A woman is in the clinic complaining of frequent constipation. During the assessment, the patient states that she has been trying to conceive for many months. Which of the following should the nurse ask this patient about using? A. Bisocodyl (Dulcolax) suppositories B. Fleet enemas C. Psyllium (Metamucil) D. Senna (Senekot)

ANS: D Senna is in a group of herbs called anthraquinone laxatives, which should be avoided when trying to conceive. The other items do not appear to have an effect on conception.

A student nurse is giving a patient an intramuscular Depo-Provera injection. Which action by the student would cause the instructor to intervene? A. Assesses that the patient's last period started 5-7 days ago B. Injects the medication deeply into the gluteus maximus C. Instructs the woman to return in 3 months for another shot D. Massages the site when the patient complains of pain

ANS: D The injection site should not be massaged, as this action can decrease the effectiveness of the medication. The other actions are correct.

A nurse in an emergency pregnancy clinic is evaluating women for the IUD method of emergency contraception. Which woman would not be considered a good candidate for this method of emergency contraception? A. Does not wish to have an abortion B. Had sexual intercourse 4 days ago C. Took over-the-counter "morning-after pill" today D. Was raped by a stranger

ANS: D Women who are at high risk of sexually transmitted infections or pelvic infections should not use this form of emergency contraception. This includes women who have been raped. The other women would be appropriate candidates for emergency IUD contraception.

Place the following methods of birth control in order of their effectiveness, starting with the most effective.
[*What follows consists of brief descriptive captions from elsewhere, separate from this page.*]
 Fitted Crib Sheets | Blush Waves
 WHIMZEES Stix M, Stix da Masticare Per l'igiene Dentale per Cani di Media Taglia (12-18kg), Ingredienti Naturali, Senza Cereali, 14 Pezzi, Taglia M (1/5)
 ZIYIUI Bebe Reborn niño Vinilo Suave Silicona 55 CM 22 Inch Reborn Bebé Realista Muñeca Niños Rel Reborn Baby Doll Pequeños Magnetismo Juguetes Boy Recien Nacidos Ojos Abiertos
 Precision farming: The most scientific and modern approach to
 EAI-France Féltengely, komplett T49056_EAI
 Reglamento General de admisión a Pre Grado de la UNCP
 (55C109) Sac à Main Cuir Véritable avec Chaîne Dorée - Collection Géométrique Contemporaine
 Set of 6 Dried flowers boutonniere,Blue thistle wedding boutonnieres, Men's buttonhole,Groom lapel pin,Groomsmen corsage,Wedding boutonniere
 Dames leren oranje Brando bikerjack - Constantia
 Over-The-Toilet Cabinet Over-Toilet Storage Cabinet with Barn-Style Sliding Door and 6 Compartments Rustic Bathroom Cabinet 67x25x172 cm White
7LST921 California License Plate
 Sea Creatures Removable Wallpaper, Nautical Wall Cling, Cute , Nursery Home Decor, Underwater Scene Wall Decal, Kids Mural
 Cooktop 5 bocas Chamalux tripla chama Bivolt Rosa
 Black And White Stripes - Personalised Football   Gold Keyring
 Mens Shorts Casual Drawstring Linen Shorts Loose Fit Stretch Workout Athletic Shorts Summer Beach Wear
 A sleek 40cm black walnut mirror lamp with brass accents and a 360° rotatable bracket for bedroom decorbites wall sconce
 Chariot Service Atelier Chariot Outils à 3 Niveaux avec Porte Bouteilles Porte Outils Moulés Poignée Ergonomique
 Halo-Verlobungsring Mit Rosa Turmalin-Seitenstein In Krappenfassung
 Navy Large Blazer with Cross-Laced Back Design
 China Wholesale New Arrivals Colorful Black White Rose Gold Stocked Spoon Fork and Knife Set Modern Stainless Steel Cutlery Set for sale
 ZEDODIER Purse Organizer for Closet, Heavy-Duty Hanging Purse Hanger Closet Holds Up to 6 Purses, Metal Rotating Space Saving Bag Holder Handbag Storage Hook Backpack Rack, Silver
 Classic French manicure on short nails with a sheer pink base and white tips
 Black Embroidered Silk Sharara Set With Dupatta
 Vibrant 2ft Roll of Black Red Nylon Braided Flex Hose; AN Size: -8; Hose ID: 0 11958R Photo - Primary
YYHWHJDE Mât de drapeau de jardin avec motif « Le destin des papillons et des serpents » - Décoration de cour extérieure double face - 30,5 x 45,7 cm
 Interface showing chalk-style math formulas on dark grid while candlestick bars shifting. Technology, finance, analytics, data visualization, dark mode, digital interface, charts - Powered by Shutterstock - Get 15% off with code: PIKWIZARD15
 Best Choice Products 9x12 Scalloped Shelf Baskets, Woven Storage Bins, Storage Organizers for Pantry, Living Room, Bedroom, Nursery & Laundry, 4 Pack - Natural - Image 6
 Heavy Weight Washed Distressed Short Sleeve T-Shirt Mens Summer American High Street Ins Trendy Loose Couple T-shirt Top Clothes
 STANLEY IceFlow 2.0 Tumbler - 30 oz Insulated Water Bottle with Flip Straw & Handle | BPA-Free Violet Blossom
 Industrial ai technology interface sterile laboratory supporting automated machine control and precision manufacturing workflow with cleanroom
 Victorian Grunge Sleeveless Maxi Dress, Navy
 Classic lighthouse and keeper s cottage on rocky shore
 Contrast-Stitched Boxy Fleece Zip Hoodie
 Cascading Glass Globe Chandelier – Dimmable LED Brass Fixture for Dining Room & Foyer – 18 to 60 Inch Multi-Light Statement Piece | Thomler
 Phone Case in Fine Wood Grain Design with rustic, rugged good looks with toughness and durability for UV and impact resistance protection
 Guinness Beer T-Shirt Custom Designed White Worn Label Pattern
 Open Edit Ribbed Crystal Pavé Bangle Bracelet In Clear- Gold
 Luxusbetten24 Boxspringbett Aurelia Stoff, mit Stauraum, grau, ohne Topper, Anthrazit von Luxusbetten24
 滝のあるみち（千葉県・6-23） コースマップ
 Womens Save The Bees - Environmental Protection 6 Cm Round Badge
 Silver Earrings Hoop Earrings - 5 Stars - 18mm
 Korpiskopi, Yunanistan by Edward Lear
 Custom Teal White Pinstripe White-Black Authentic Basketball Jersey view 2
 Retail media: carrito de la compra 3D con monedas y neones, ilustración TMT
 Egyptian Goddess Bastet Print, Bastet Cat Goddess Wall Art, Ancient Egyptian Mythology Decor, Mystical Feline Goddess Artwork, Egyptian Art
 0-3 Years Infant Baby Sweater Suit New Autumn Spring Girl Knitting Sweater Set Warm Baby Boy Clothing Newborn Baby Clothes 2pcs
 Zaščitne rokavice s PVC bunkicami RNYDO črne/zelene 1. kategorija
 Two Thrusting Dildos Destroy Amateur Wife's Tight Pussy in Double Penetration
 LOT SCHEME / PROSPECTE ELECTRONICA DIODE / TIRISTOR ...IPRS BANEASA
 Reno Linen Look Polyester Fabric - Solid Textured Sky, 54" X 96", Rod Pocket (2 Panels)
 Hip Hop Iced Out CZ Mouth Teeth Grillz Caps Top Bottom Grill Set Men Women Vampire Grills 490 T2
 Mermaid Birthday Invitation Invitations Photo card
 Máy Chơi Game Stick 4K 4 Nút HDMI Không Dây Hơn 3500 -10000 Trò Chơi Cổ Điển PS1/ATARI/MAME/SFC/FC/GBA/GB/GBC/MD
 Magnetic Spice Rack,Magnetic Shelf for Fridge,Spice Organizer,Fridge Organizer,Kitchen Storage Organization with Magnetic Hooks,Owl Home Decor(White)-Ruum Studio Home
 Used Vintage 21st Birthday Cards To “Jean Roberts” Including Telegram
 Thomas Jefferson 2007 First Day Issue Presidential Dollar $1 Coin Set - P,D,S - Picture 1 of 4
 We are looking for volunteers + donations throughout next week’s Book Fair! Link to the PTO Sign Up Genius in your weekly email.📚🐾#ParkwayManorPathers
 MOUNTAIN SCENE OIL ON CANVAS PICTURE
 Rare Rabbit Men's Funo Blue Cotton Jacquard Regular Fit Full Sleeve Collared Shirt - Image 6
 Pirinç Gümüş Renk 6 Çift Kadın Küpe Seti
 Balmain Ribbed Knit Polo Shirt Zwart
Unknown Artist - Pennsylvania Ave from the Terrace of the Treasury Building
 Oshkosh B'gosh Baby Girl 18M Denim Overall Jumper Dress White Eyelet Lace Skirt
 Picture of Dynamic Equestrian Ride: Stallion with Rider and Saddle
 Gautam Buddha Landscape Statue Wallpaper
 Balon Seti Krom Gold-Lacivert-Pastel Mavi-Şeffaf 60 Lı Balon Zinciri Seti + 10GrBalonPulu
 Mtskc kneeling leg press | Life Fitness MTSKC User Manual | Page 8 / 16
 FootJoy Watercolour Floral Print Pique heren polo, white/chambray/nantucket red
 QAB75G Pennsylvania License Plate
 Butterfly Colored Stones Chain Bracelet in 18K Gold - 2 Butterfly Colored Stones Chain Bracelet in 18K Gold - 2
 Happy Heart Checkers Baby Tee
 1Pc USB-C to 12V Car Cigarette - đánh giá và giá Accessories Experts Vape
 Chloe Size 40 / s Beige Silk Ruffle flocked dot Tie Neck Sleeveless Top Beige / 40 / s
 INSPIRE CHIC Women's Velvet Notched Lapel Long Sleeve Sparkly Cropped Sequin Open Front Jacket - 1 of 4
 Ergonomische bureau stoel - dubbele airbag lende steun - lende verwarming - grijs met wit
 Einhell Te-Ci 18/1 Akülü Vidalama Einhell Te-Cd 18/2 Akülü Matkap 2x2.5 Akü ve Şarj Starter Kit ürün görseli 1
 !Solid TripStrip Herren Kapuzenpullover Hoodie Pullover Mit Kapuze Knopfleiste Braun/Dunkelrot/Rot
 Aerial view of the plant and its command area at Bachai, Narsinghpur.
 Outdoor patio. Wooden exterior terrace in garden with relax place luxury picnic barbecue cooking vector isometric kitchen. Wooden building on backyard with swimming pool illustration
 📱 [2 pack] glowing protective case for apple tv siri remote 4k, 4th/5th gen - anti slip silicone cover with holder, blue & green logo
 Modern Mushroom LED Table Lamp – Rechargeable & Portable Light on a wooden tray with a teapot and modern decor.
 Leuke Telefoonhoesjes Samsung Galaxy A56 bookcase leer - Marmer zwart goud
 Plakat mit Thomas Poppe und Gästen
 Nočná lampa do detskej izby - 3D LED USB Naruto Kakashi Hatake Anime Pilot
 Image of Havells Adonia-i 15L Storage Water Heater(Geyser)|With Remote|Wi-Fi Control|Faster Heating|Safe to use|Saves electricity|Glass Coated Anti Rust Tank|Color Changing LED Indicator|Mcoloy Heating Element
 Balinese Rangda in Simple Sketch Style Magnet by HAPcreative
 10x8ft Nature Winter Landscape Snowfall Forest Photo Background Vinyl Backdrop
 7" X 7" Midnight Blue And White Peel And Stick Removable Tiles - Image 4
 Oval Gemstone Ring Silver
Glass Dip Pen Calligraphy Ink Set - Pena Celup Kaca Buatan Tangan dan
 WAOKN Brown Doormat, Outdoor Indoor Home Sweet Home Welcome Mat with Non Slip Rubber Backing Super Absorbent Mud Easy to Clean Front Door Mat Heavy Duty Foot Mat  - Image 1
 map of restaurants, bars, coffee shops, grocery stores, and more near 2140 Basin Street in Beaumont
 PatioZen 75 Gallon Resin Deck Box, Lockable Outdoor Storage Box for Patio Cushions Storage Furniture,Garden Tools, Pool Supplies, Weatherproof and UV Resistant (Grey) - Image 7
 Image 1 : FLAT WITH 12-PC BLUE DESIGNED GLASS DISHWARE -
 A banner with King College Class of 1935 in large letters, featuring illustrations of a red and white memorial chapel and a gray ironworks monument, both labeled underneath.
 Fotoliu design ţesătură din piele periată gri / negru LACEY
Condoms Depo-Provera Diaphragm Natural family planning Oral contraceptive pills Withdrawal

Depo-Provera (>99%), oral contraceptive pills (95%), condoms (85%), diaphragm (84%), natural family planning (73%), withdrawal (71%)

The nurse is assessing a sexually active heterosexual woman who does not use birth control. The nurse explains that the chance of becoming pregnant with each act of unprotected intercourse is what percentage? A. 5-10% B. 10-15% C. 15-20% D. 20-25%

The probability of becoming pregnant with each act of unprotected intercourse is approximately 1520%.